#### [Exercise aim]
Beneath this line sits some data. Return only its lines from the one holding "Juicy steak medium" through the one holding "de regalías Pares", inclusive, exactly, with the images removed.

Caption-style text data:
########################################

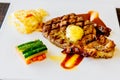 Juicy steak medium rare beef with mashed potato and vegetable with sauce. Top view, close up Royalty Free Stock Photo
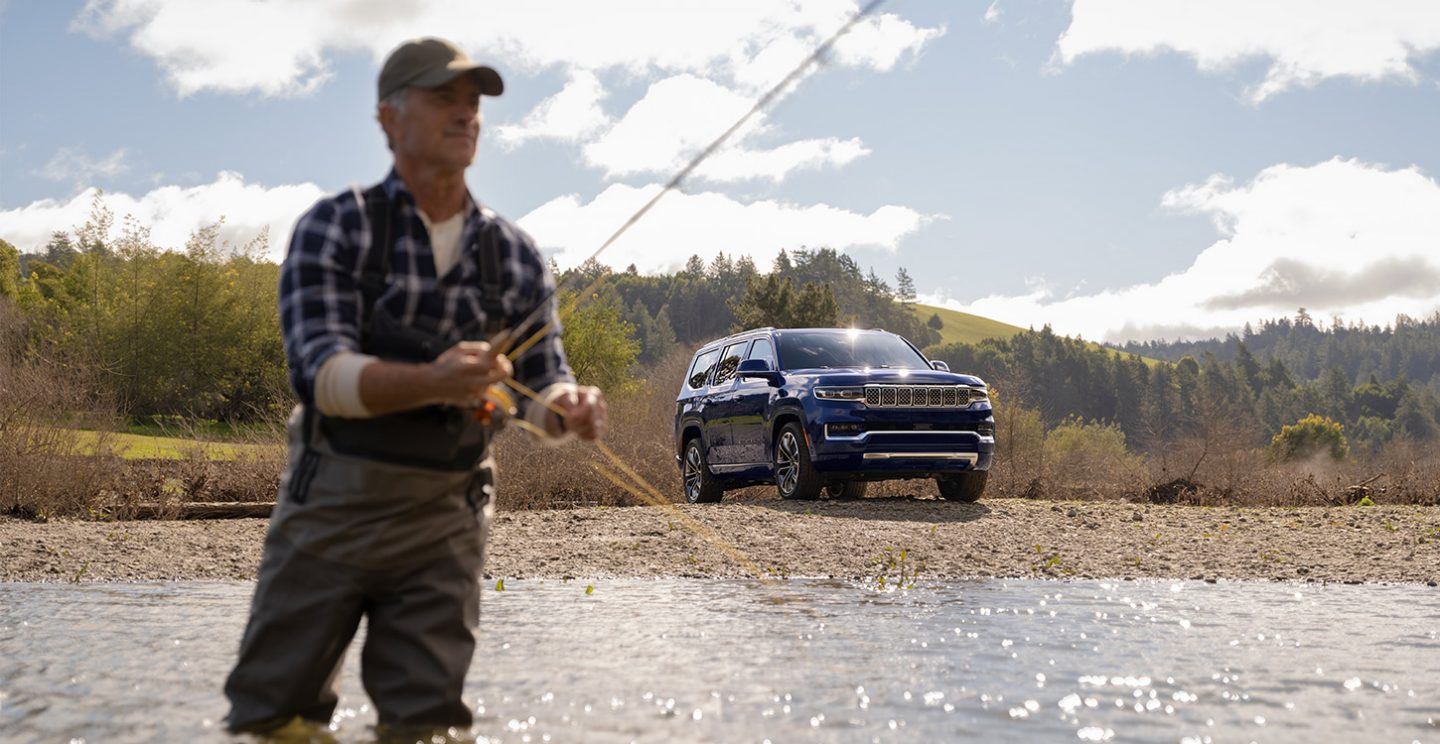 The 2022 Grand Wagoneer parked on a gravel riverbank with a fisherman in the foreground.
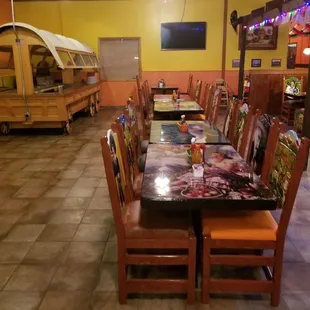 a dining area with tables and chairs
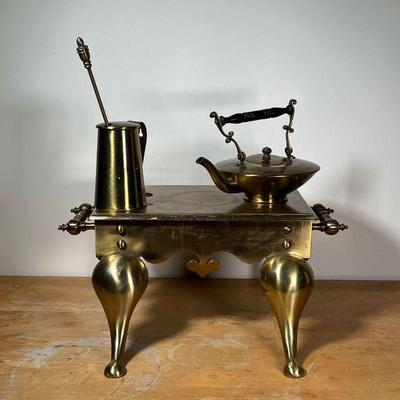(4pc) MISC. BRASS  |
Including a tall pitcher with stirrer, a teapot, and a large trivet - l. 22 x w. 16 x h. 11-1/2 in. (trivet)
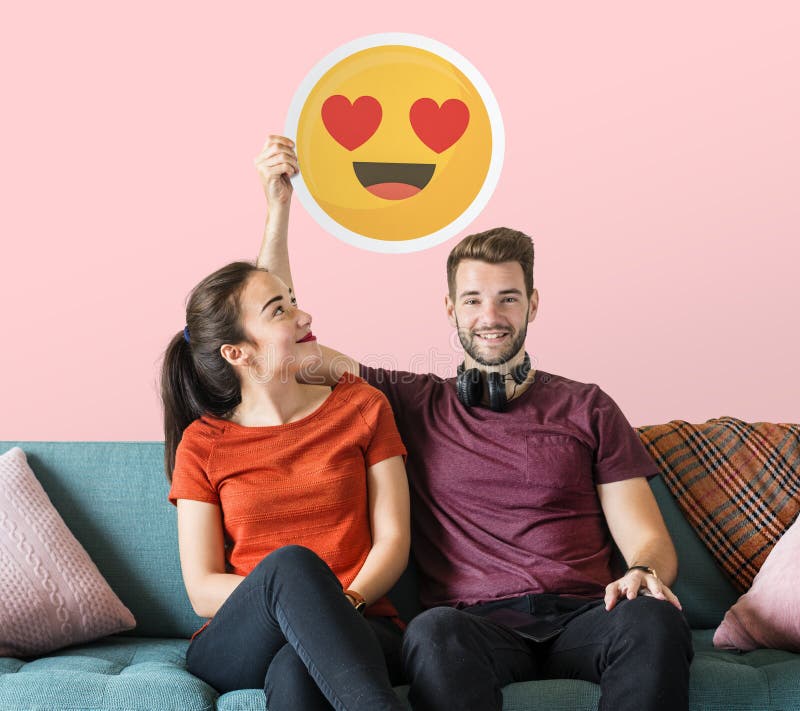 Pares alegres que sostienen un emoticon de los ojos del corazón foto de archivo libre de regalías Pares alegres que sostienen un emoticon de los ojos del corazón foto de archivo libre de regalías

########################################

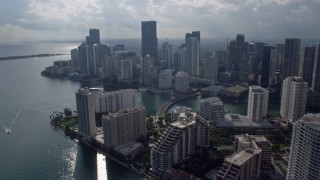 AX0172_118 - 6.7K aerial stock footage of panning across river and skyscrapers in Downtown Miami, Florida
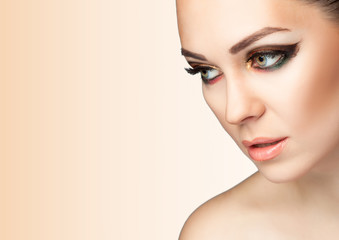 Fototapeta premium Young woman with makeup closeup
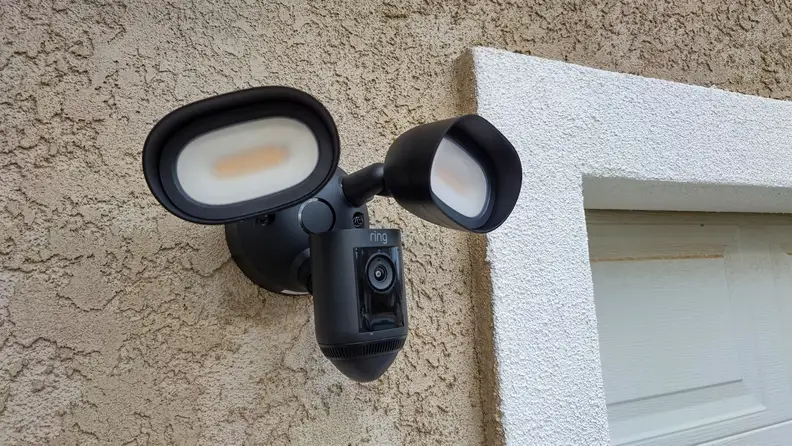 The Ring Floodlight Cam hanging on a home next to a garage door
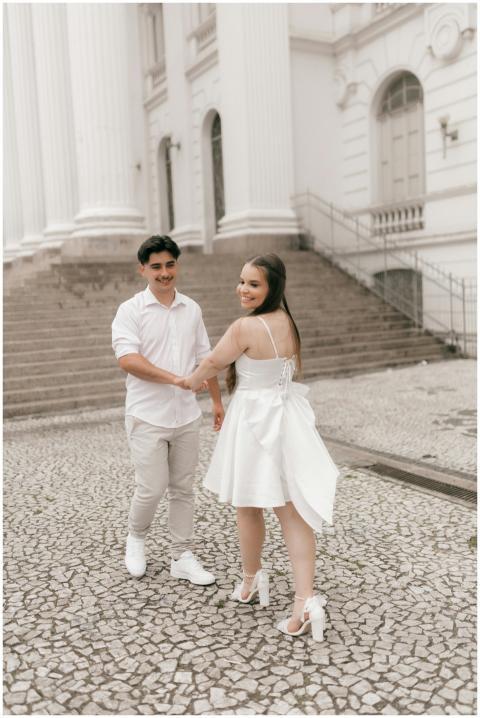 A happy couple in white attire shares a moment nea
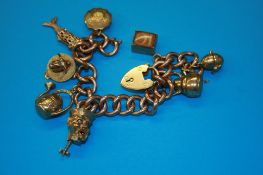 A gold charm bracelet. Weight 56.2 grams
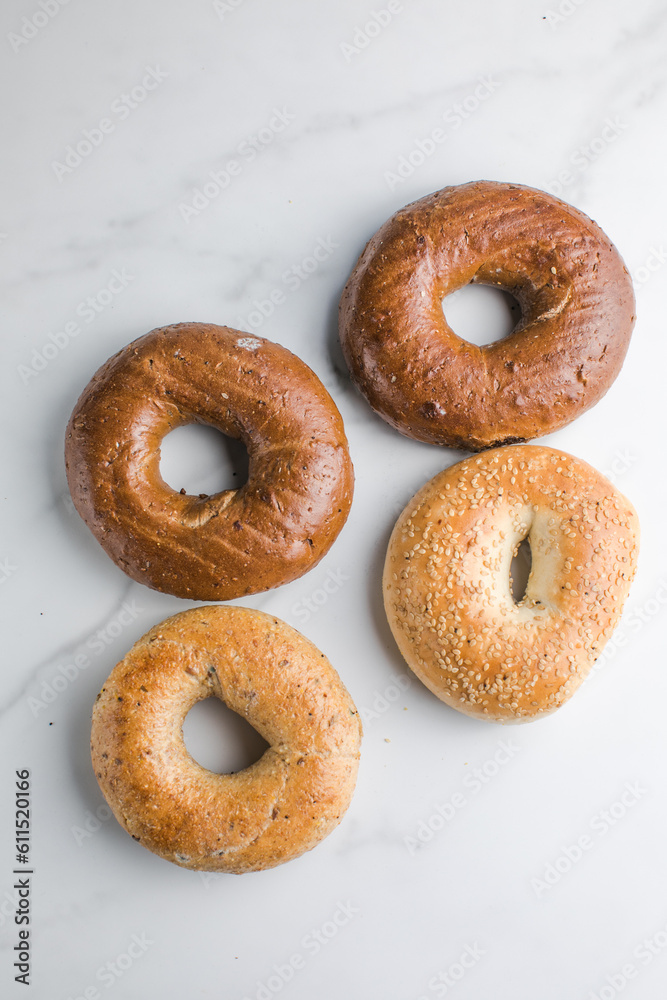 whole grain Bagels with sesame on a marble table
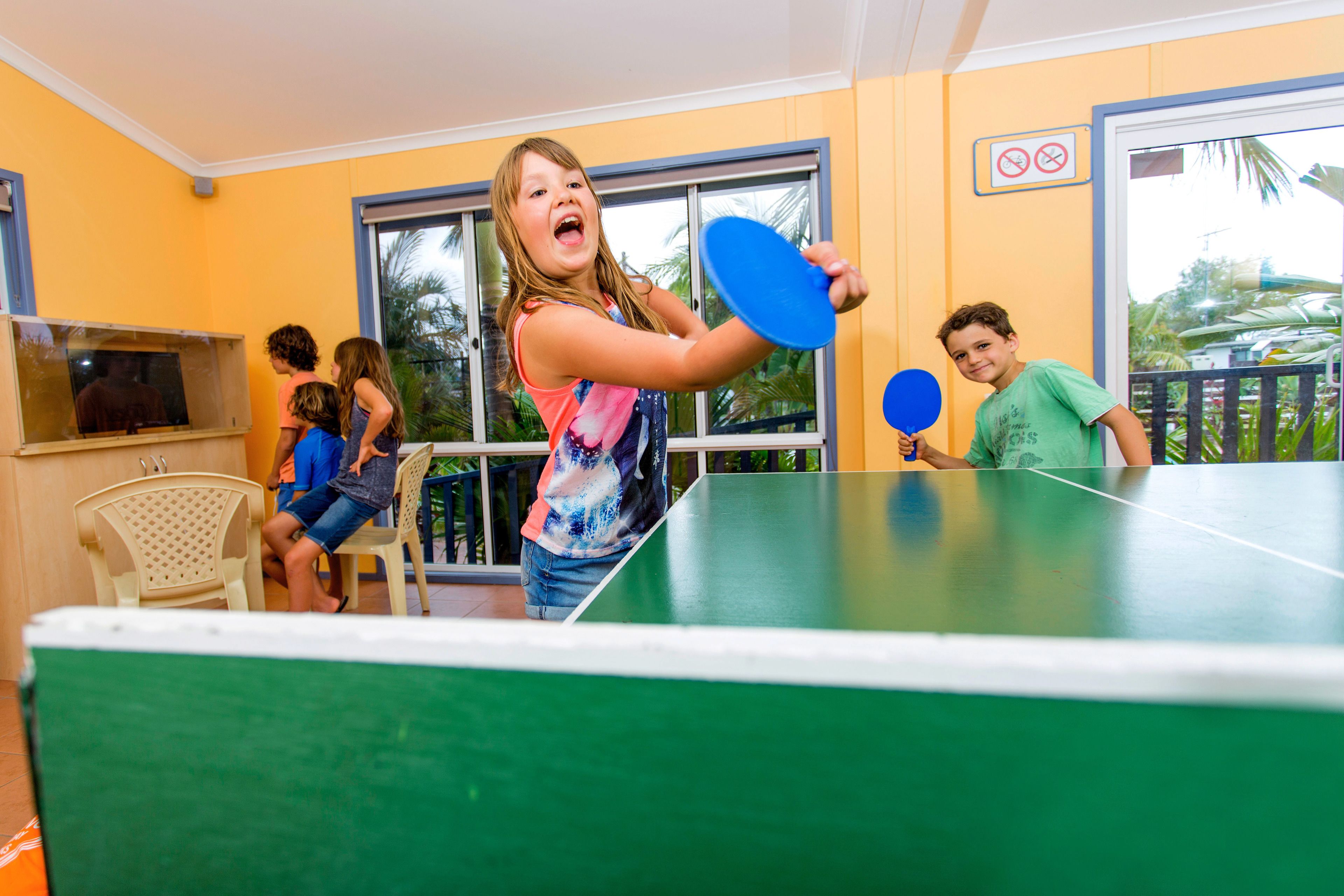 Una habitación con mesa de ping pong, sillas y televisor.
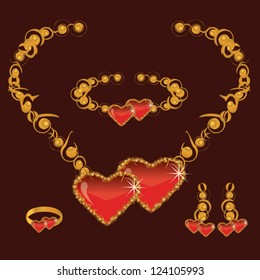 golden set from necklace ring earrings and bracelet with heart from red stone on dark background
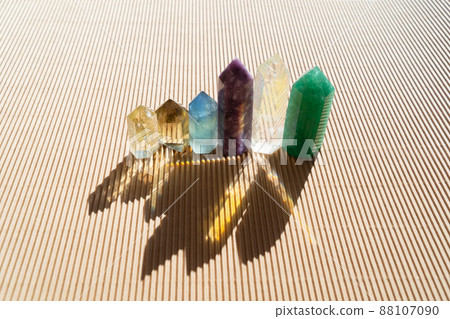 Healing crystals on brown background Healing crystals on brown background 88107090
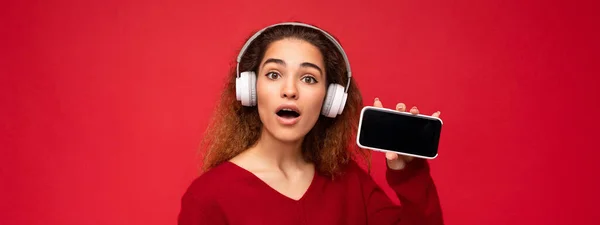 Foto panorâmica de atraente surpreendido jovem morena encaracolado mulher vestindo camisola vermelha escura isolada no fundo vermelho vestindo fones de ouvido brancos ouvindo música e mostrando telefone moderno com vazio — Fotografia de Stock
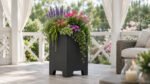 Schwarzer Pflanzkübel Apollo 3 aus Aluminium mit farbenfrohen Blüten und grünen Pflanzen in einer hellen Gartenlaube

########################################

#### [Response to the exercise]
 Juicy steak medium rare beef with mashed potato and vegetable with sauce. Top view, close up Royalty Free Stock Photo
 The 2022 Grand Wagoneer parked on a gravel riverbank with a fisherman in the foreground.
 a dining area with tables and chairs
(4pc) MISC. BRASS  |
Including a tall pitcher with stirrer, a teapot, and a large trivet - l. 22 x w. 16 x h. 11-1/2 in. (trivet)
 Pares alegres que sostienen un emoticon de los ojos del corazón foto de archivo libre de regalías Pares alegres que sostienen un emoticon de los ojos del corazón foto de archivo libre de regalías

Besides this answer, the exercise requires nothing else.